● **Requirement**: All of the lines below need to be copied exactly, apart from the pictures.

[Dataset records]
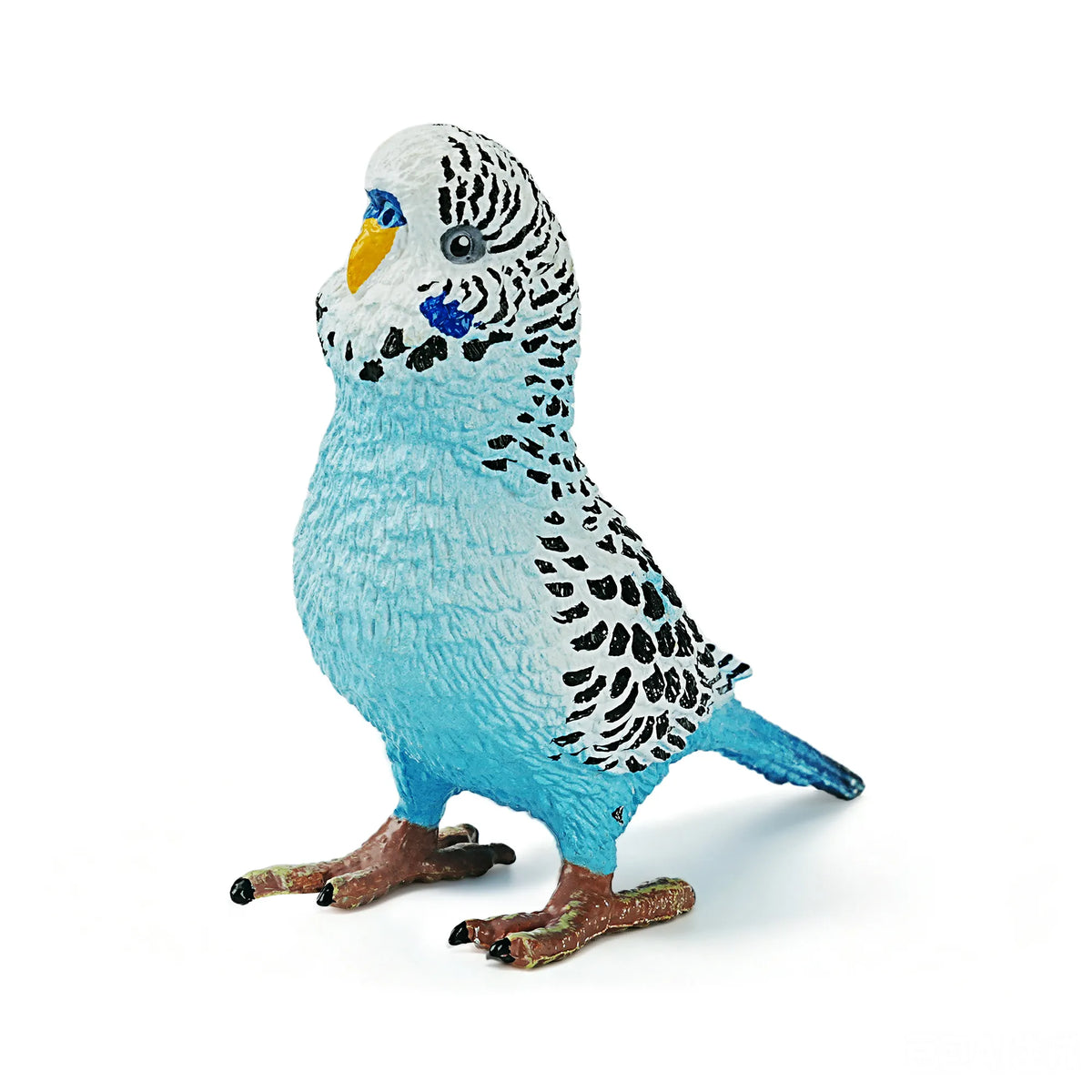 Toymany Blue Budgerigar Figurine Toy-2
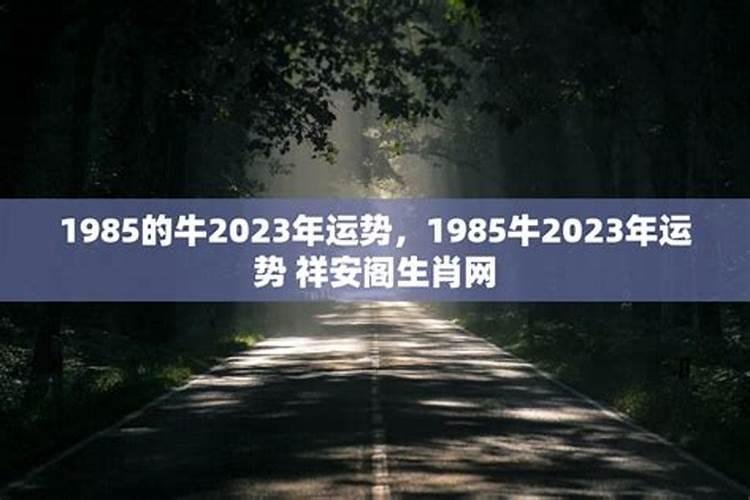 1985属免运势如何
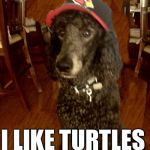 Noah Gump Cardinals NFL Hat | I LIKE TURTLES | image tagged in noah gump cardinals nfl hat | made w/ Imgflip meme maker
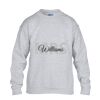 Heavy Blend™ youth crew neck sweatshirt Thumbnail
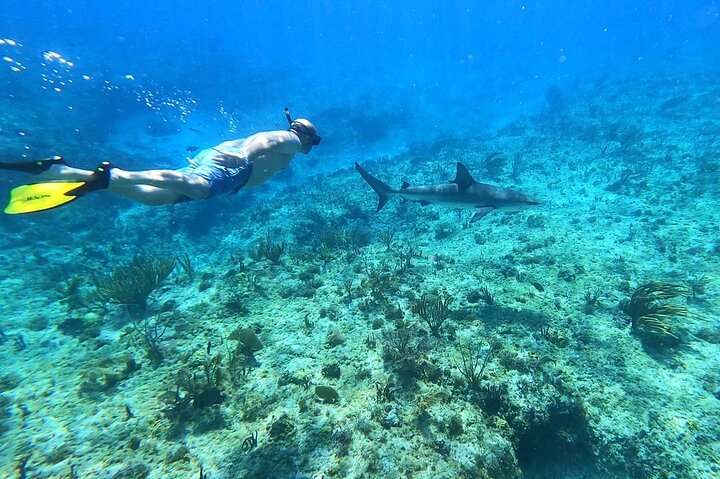 Create-Your-Own Luxury Adventure in Bimini with photographer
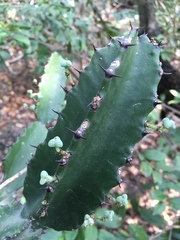 Euphorbia antiquorum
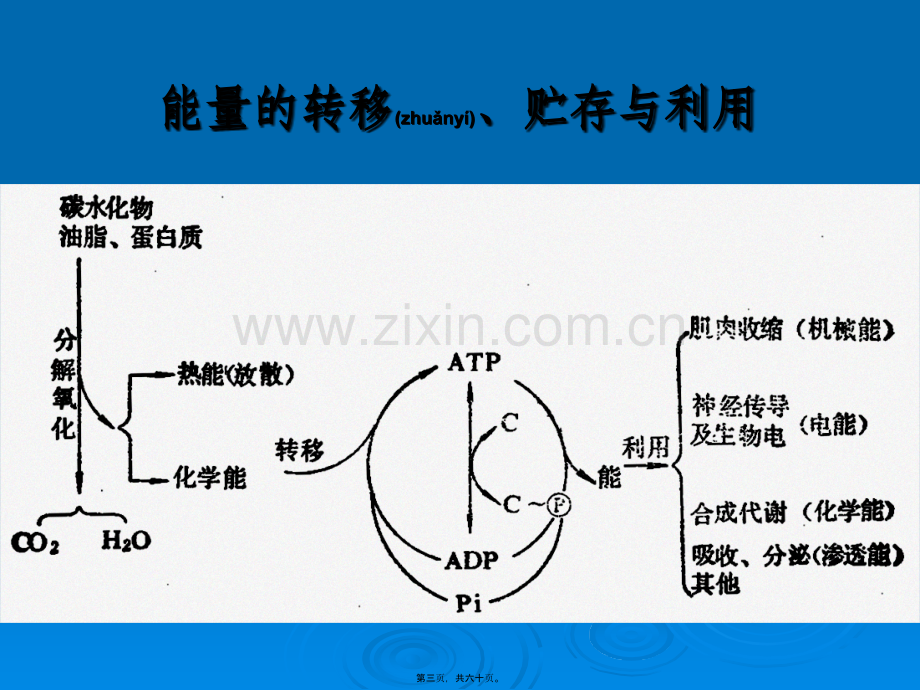 第六章-营养与能量平衡.ppt_第3页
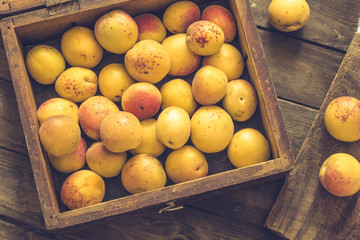 Ripe apricots in a wooden box. 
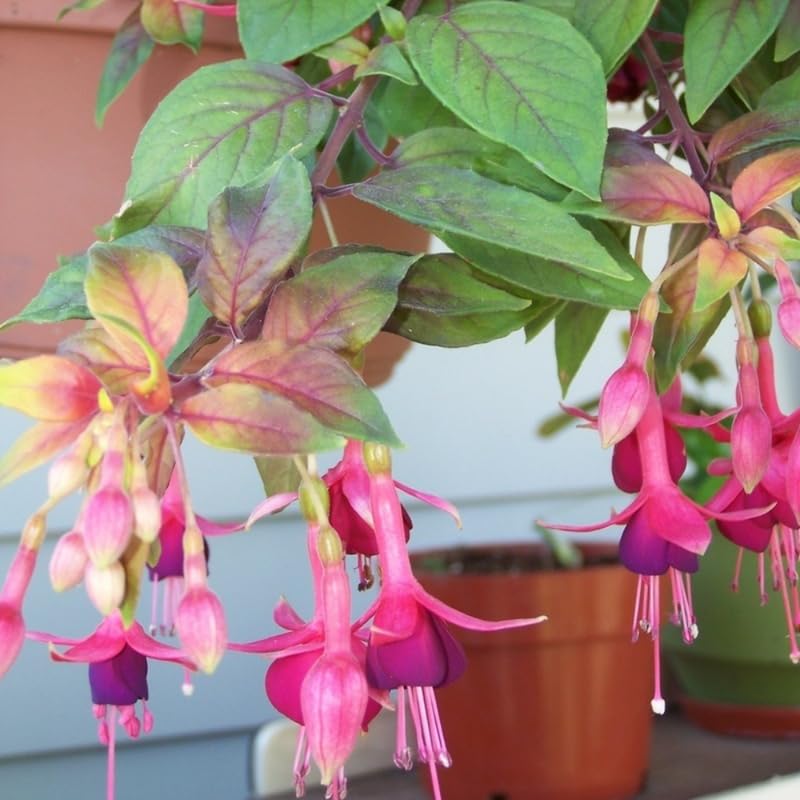 2 Fuchsia Plants Live, Gold and Red Foliage, 6-12 Inch Tall, Autumnale Variety, Trailing Flowering Plant, Ideal for Hanging Baskets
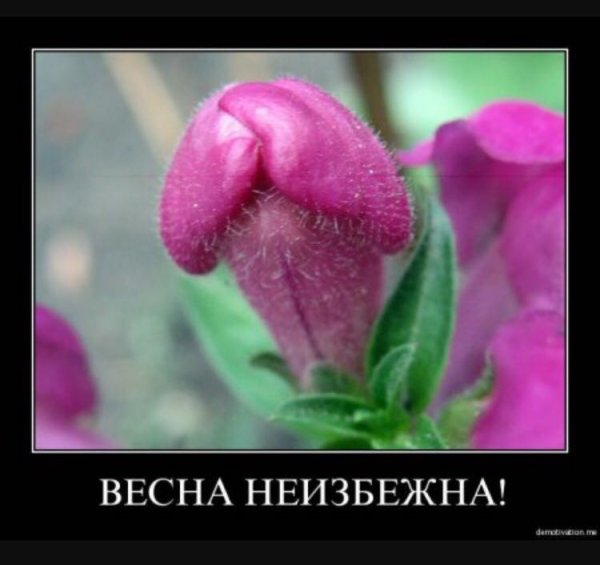 Весна неизбежна картинки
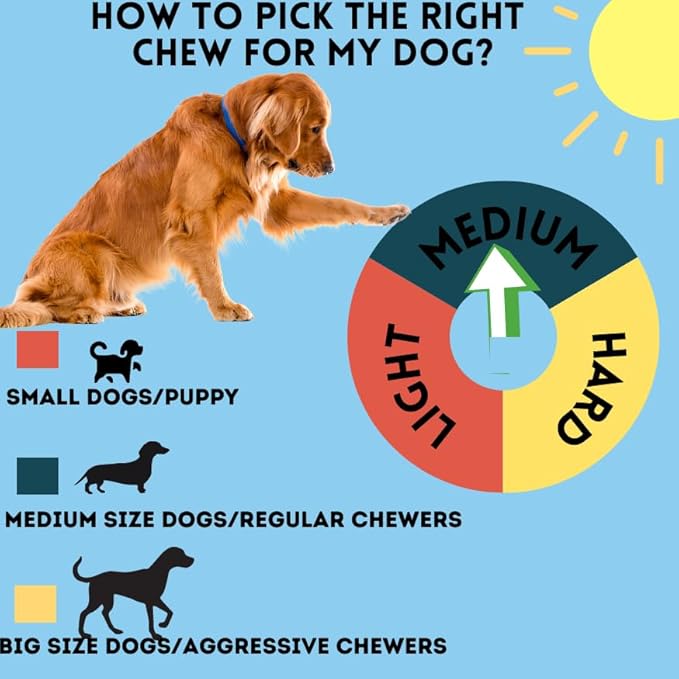 BULLYSTICKS & MORE 6 Inch Beef Cheek Springs for Dogs (10 Count) - Bully Springs Dog Chews - No Hide Bones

● **Answer to this problem**:
 Toymany Blue Budgerigar Figurine Toy-2
 1985属免运势如何
 Noah Gump Cardinals NFL Hat | I LIKE TURTLES | image tagged in noah gump cardinals nfl hat | made w/ Imgflip meme maker
 Heavy Blend™ youth crew neck sweatshirt Thumbnail
 Create-Your-Own Luxury Adventure in Bimini with photographer
 Euphorbia antiquorum
 第六章-营养与能量平衡.ppt_第3页
 Ripe apricots in a wooden box. 
 2 Fuchsia Plants Live, Gold and Red Foliage, 6-12 Inch Tall, Autumnale Variety, Trailing Flowering Plant, Ideal for Hanging Baskets
 Весна неизбежна картинки
 BULLYSTICKS & MORE 6 Inch Beef Cheek Springs for Dogs (10 Count) - Bully Springs Dog Chews - No Hide Bones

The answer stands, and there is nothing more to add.